I've always struggled to reconcile my life's work - art - with the compass that guides said work - my faith. It's an odd condition to be fair. How can one feel called to something while holding on to the fear that the Divine doing that calling might find it objectionable? I was raised in a modern Christian youth tradition obsessed with fabricating "counter-culture." Most often by manufacturing corny, at best, counterfeits of "secular" artistic expression and all the while turning its nose up at thousands of years of culture and artful humanity. In his biography, Eugene Peters recounts a conversation with a nun named Sister Genevieve that stopped me in my tracks when I read it:
"In another conversation, we had been talking about the Lord's Prayer. I interrupted the flow of conversation by saying, "Do you know the petition that (I)? have the hardest time praying, entering into, knowing what I am praying?"
"Of course-'Deliver us from evil! "
"How did you know that?"
"Oh, you Protestants. You are so naive about evil. You know everything about sin but nothing about evil- the prevalence of evil, the persistence of evil, especially in holy places, like this monastery and like your congregation. The mystery of evil. You make cartoon characters out of evil so that you don't have to deal with it in your own households and workplaces, crouching at the door every time you open it. Or else you deny it and label everything that is wrong with the world as a sin you can name and then take charge of getting rid of."
There's much to unpack in that sentiment. Sister Genevieve tapped the glass on a frustration I've struggled much of my life to put words to. For nearly three generations of believers, the big "C" Church has taught at odds with culture and made an enemy of nearly all its expressions. We crafted sniveling mustachioed "cartoon characters" out of genres, pictures, poems, styles, stories, spaces, and textures that all reflect some facet of the Divine image. Prominent Christian leaders joined in burning books and records, condemning works of cultural expression outside a moral mainstream, and picketed in front of museums housing marvels of divine inspiration. We stripped it of its mystery, sanitized it of its questioning, and called it - void of artful spirit or non-homogenous culture - "Christian art" and "Jesus culture." All the while missing out on everything it may have invited us to explore within ourselves and the world around us. Perhaps the Western Church has been late to so many freedom movements of the last 400 or so years because the engine of so many of those movements is often the very art and culture we've come to vilify.

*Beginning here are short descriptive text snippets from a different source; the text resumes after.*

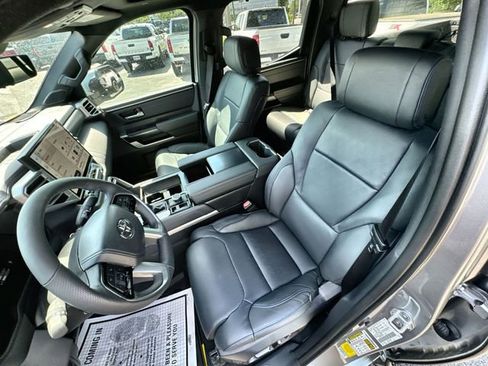 New 2024 Toyota Tundra Platinum image 21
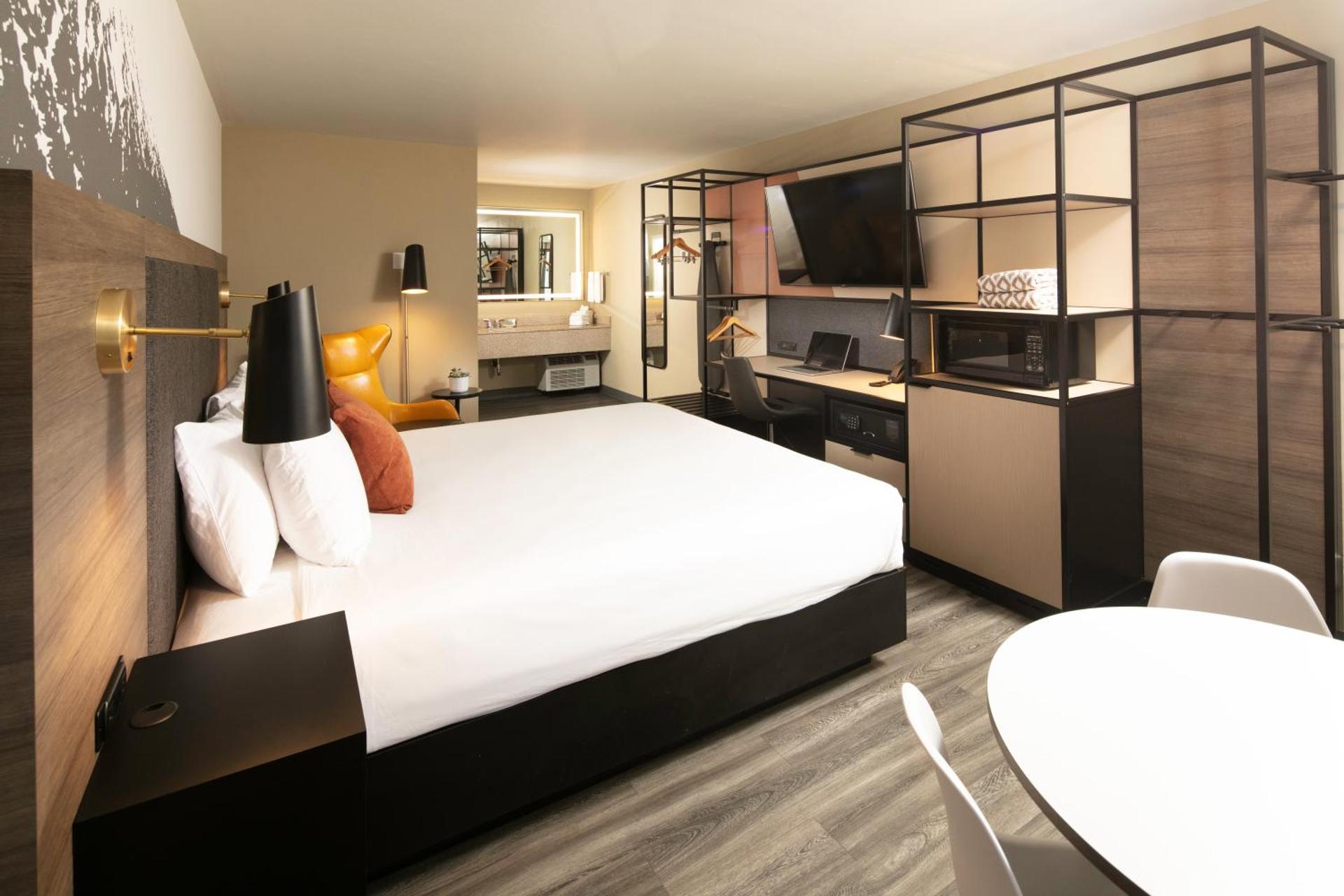 Photo of the whole room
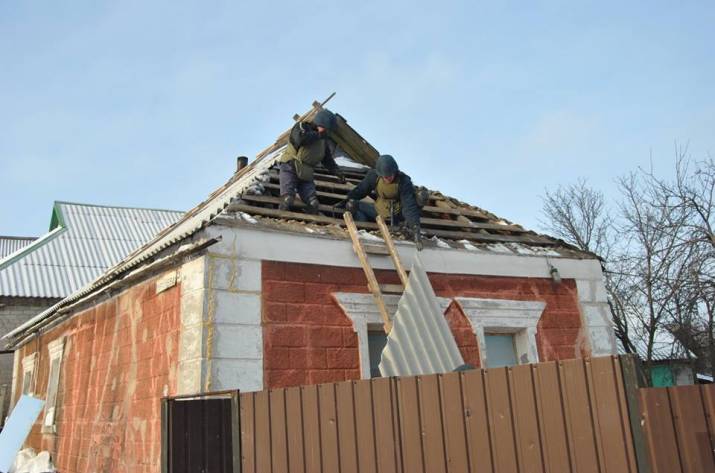 В Авдеевке проходят работы по восстановлению жилых домов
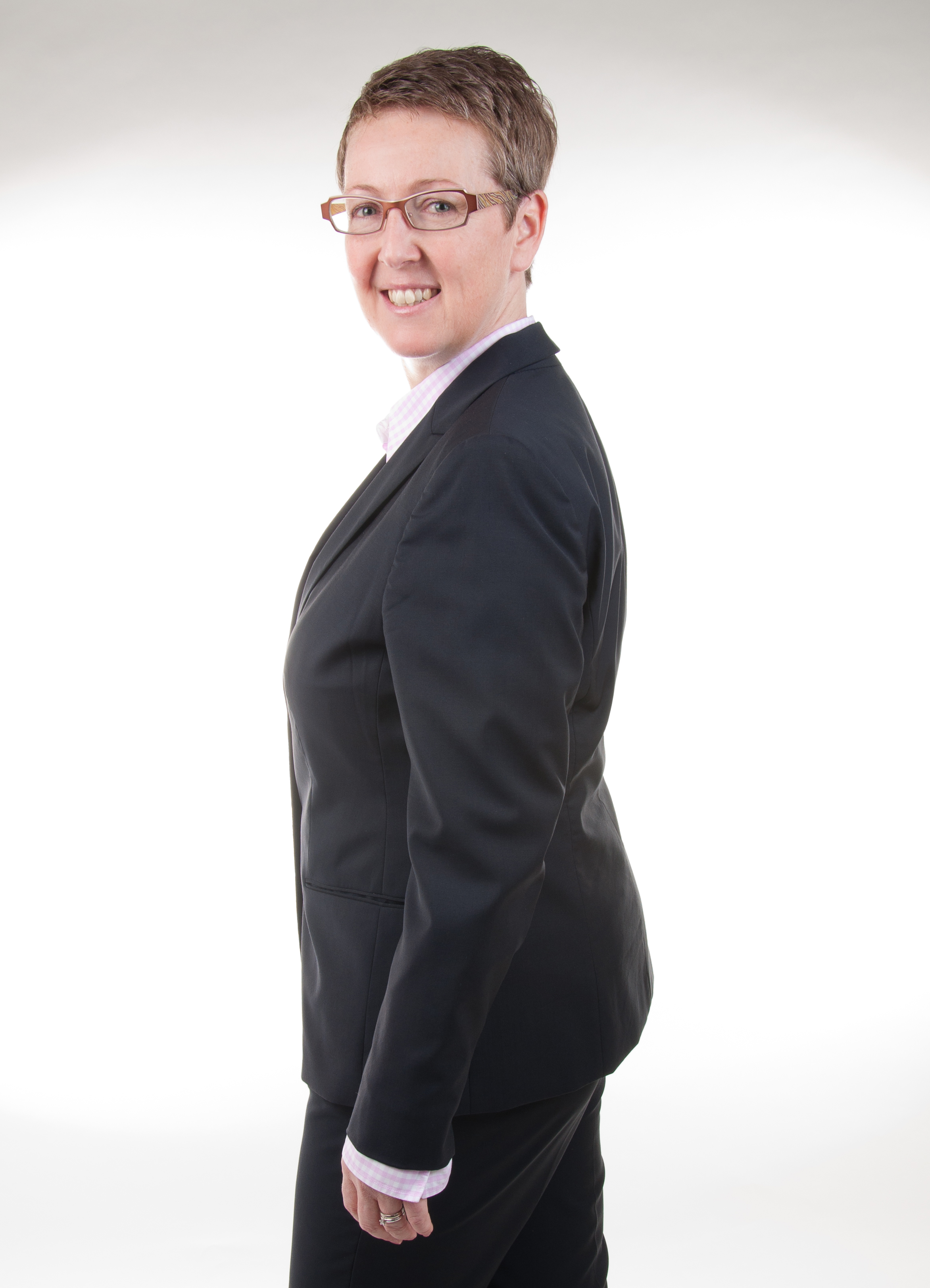 Dr. Claudia Reusch verstärkt ab 01.04.2015 das restracon Team Dr. Claudia Reusch verstärkt ab 01.04.2015 das restracon Team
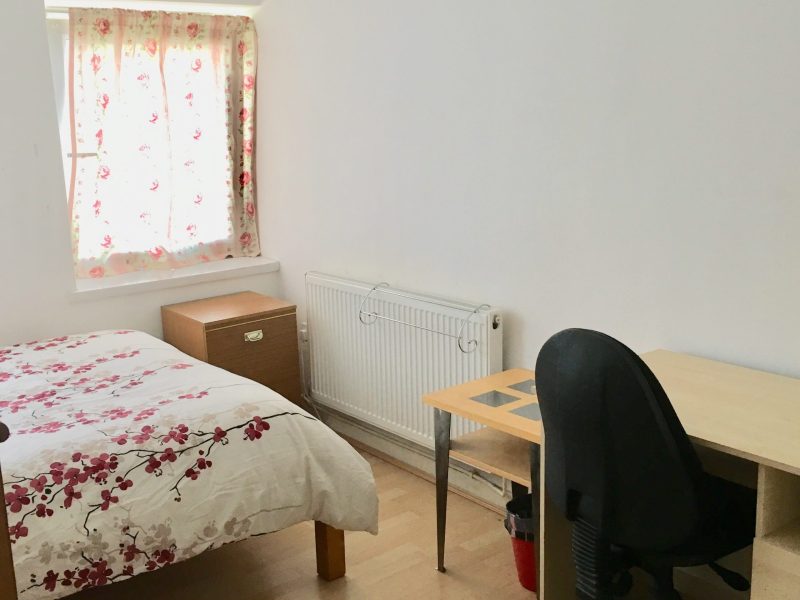 Cliffe House | Double Room #3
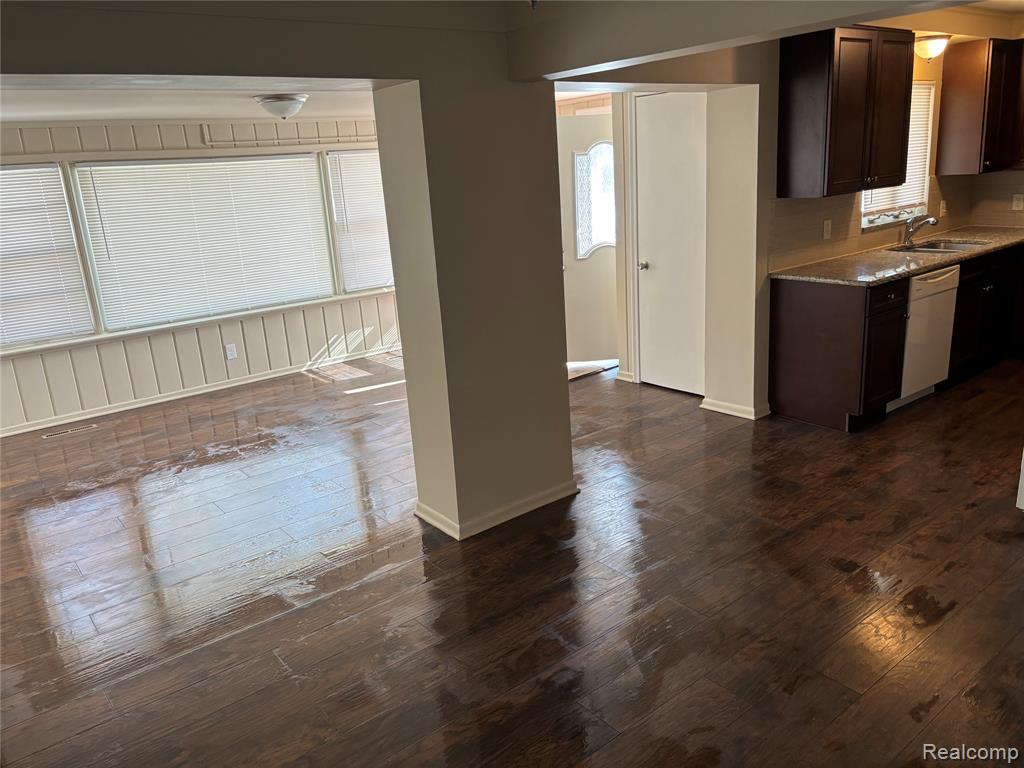1010 North Adams Road Rochester, MI 48306 - Photo 27 of 29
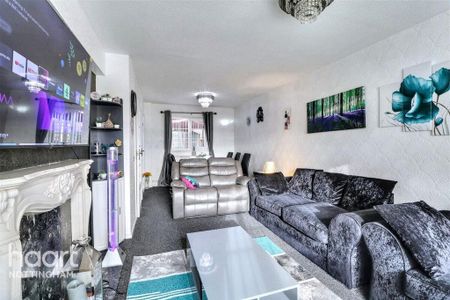 3 bedroom terraced house to rent - Photo 2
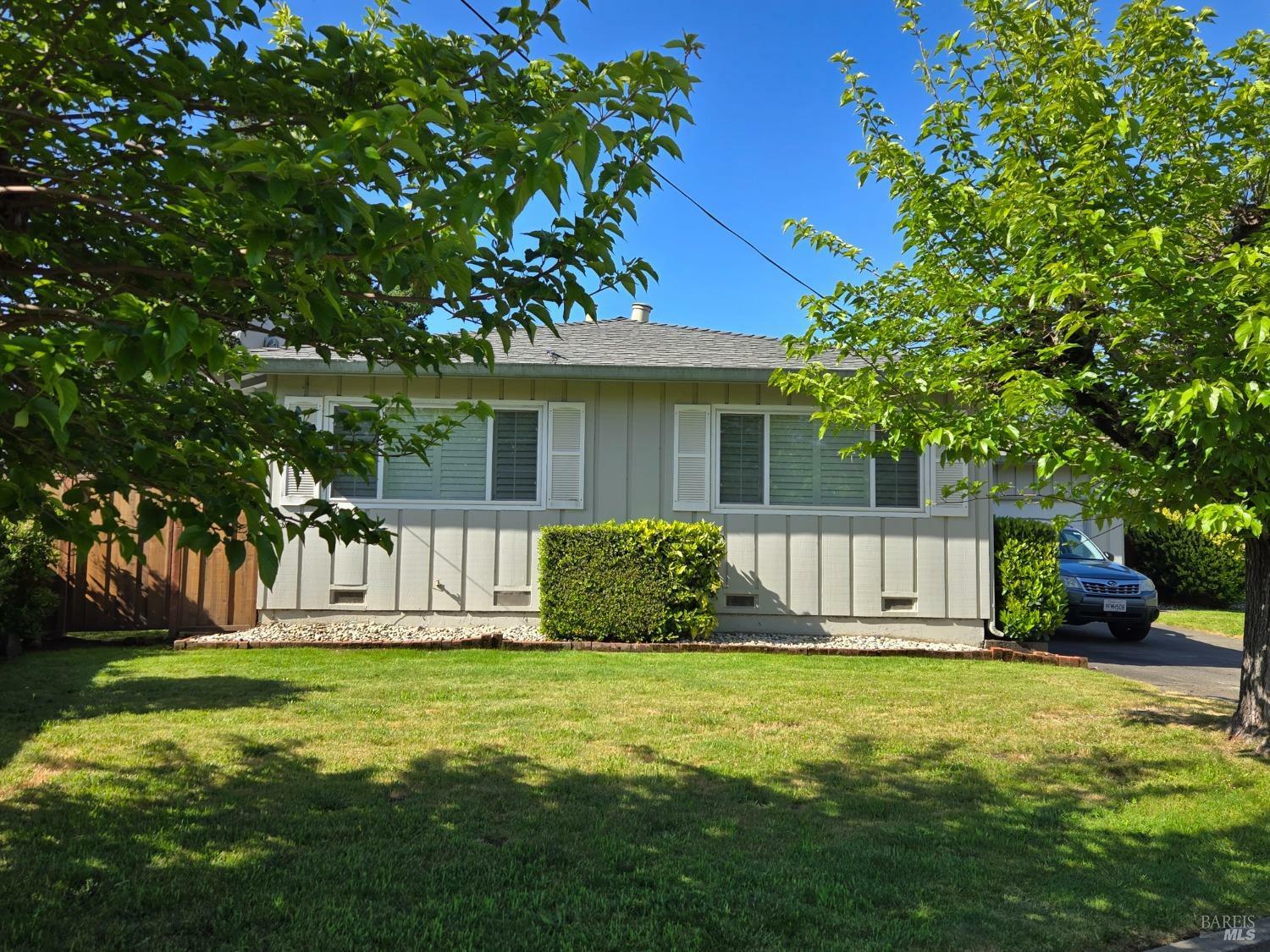 Property Photo: 519 Tamarack Drive CA 94903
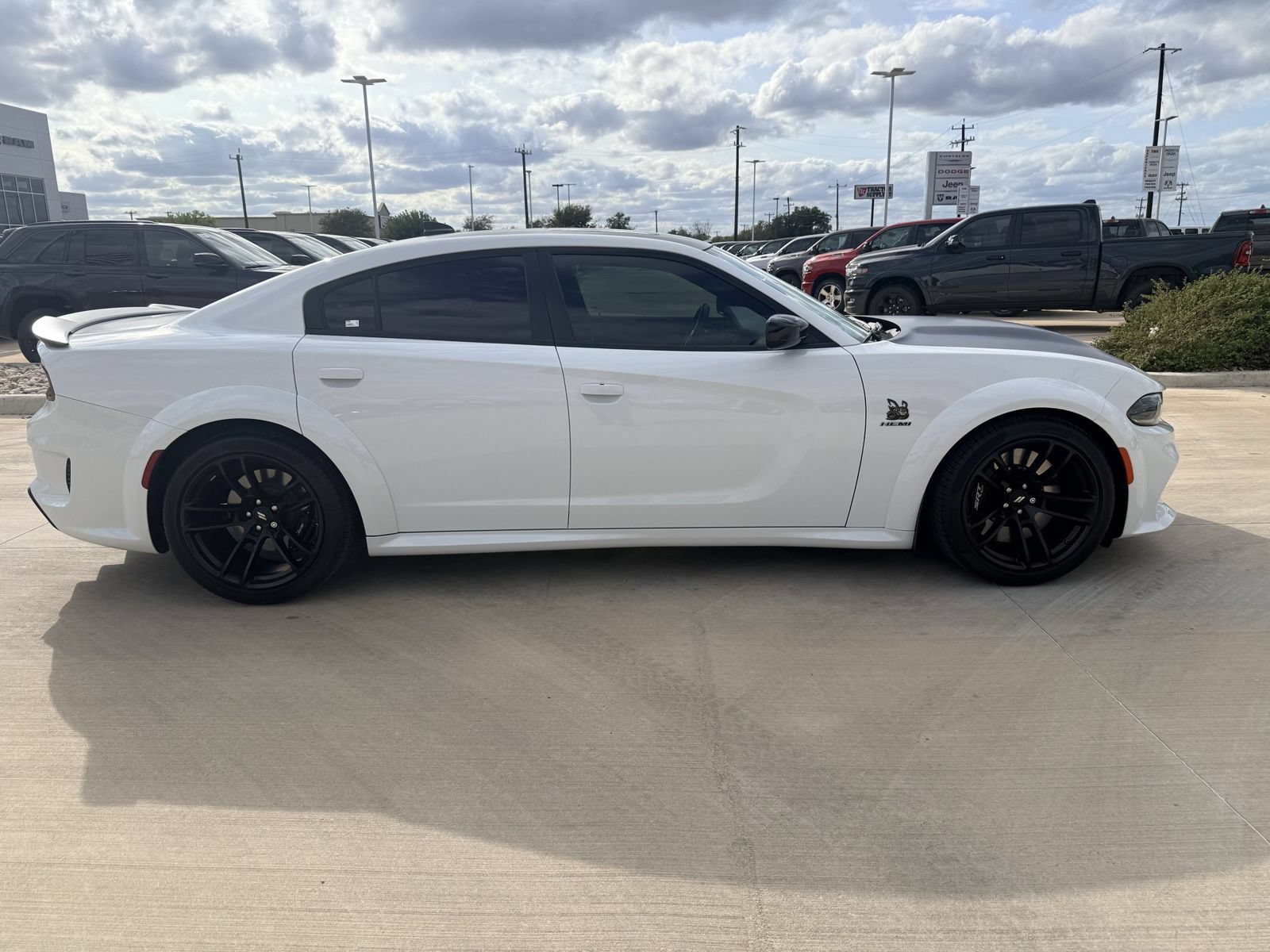 Used 2023 Dodge Charger Scat Pack RWD image 3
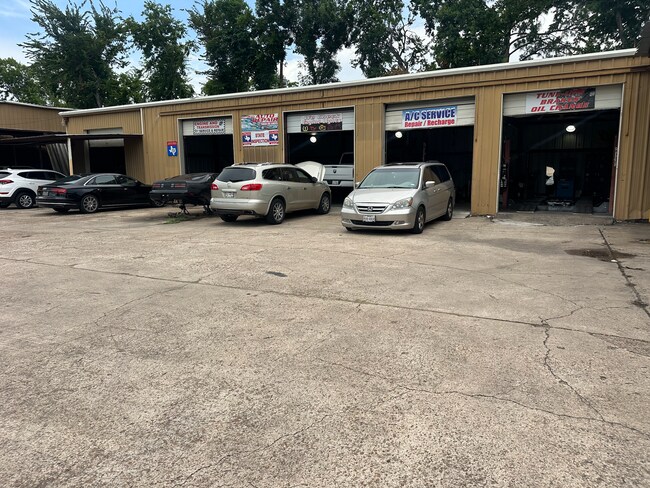 Plus de détails pour 1428 Blalock Rd, Houston, TX - Industriel à vendre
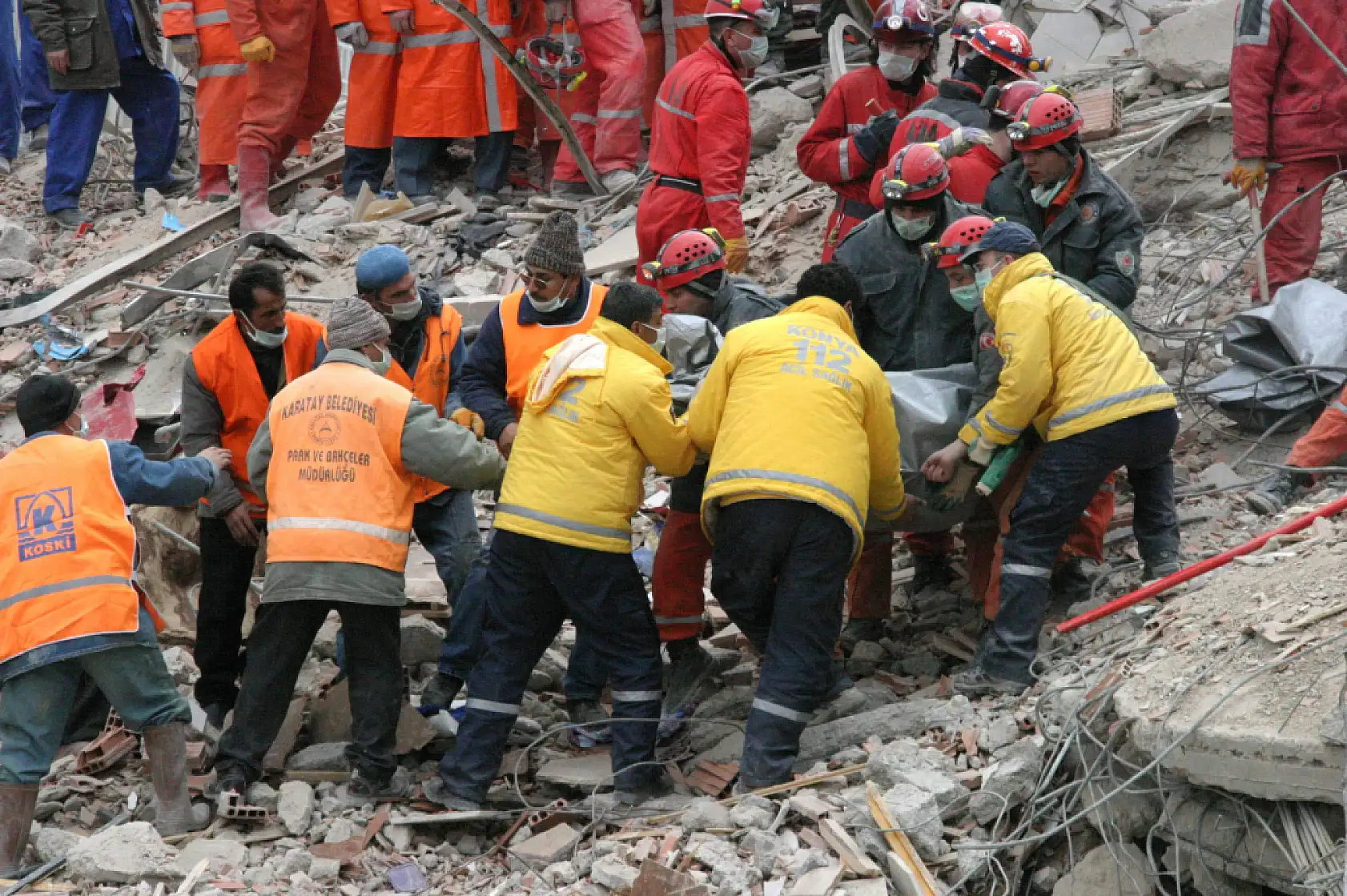 Konya'da 92 kişiye mezar olan zümrüt faciasının üzerinden 22 yıl geçti!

So here, we'll discuss, sing, paint, photograph, cook, eat, and write about art and the culture it informs—and about culture and the art it births. Because in it—in all of it embraced as fully as we are capable in any season—exists everything we might use to push back against those narratives of despair, even in the depths of despair. If you have yet to see hope in the dark washes of Rothko's brush, I encourage you to keep seeking. What music moves you to act, to joy, to tears? Which movies or TV shows hold a mirror to your soul and reveal something new? What do Black mermaids have to do with the kingdom of heaven? And can a simple meal, or recipe, teach us about our neighbors and grow our capacity for empathy? Spoiler, the answer to that last one is a resounding yes.